Six years ago, the giant waste-hauling company Browning-Ferris Industries fulfilled a condition of expanding its landfill operations by agreeing, in effect, to implement Ross’ dream--now a shared fantasy down at Pasadena City Hall. But BFI owns more than a hoe and did Ross one better: It lifted the arroyo’s stream out of its flood channel and carved a new, “natural” stream bed into the canyon floor.
BFI turned to science. The “channel morphology” of the new stream, it noted in a report, would be a “broad, cobbled streambed” displaying a “sinuous pattern,” with water flows regulated at “5-10 cubic feet per second,” the plantings exactly “4.2 acres of streamzone species,” and no less than “22.4 acres of riparian, woodland and associated meadow species.” Gophers would be monitored, $5 million spent. All this and more was done, and on April 15, a valve beneath the Colorado Street bridge was opened and the second Arroyo Seco stream poured forth. At that point, science stopped and nature took over.
A couple weeks ago, a biologist named Mickey Long--an old friend and former champion of Roland Case Ross--walked the banks of the Arroyo Seco stream. Long pointed out Arroyo willows, cattails, mulefat and umbrella sedge, some of which was post-BFI, brought in by air or water current. “It’s not as easy as just bulldozing a channel to create a stream,” Long said, looking over a still pool, “but it is true that if you bring the water, they will come.”
And there they were, assembled plein-water: colonies of aquatic snails, two species of frogs, schools of small fish darting through larger pools, every stream bug imaginable. Near the headwaters, a pair of mallard ducks floated across a quiet stretch by a white alder.
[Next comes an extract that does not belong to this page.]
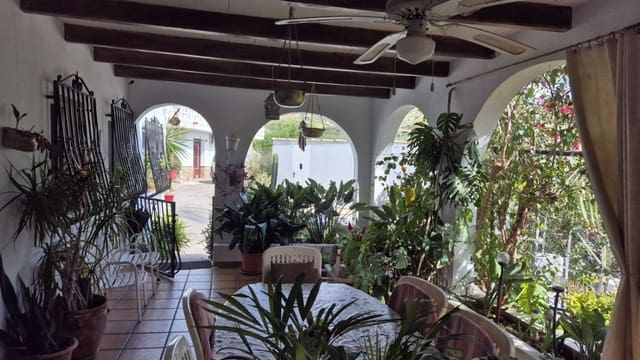 4 soveværelse Finca/Landehus til salg i Los Gallardos med garage - € 185.000 (Ref: 8906519)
How they had each arrived, however, made science stutter. BFI had pored over archival photographs of the early arroyo when it made its plant and channel morphology choices. But there was no record of the secret life of vertebrates and invertebrates, and no one knew, exactly, what would happen when water was restored. Would life systems just magically arrange themselves? In a former dusty field of weeds, within a period of three months, that is what seems to have happened in the Arroyo Seco.
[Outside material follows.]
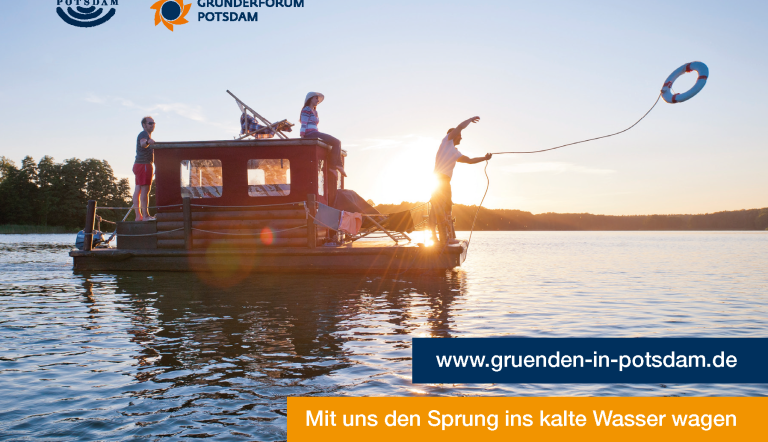 Personen auf einem Floß auf dem Wasser, eine Person wirft einen Rettungsring ins Wasser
A house finch landed nearby and Long said, “You know, Ross’ secret dream was always to blow up the concrete channel.” For a long time in the 1970s, Ross tried to interest Pasadena in nonexplosive options of Arroyo Seco restoration, but they considered him an unusual fellow and ignored him. “This is not as holistic as Ross would have wished,” the biologist said as the finch took a drink. “But generally, I think he would have liked it.”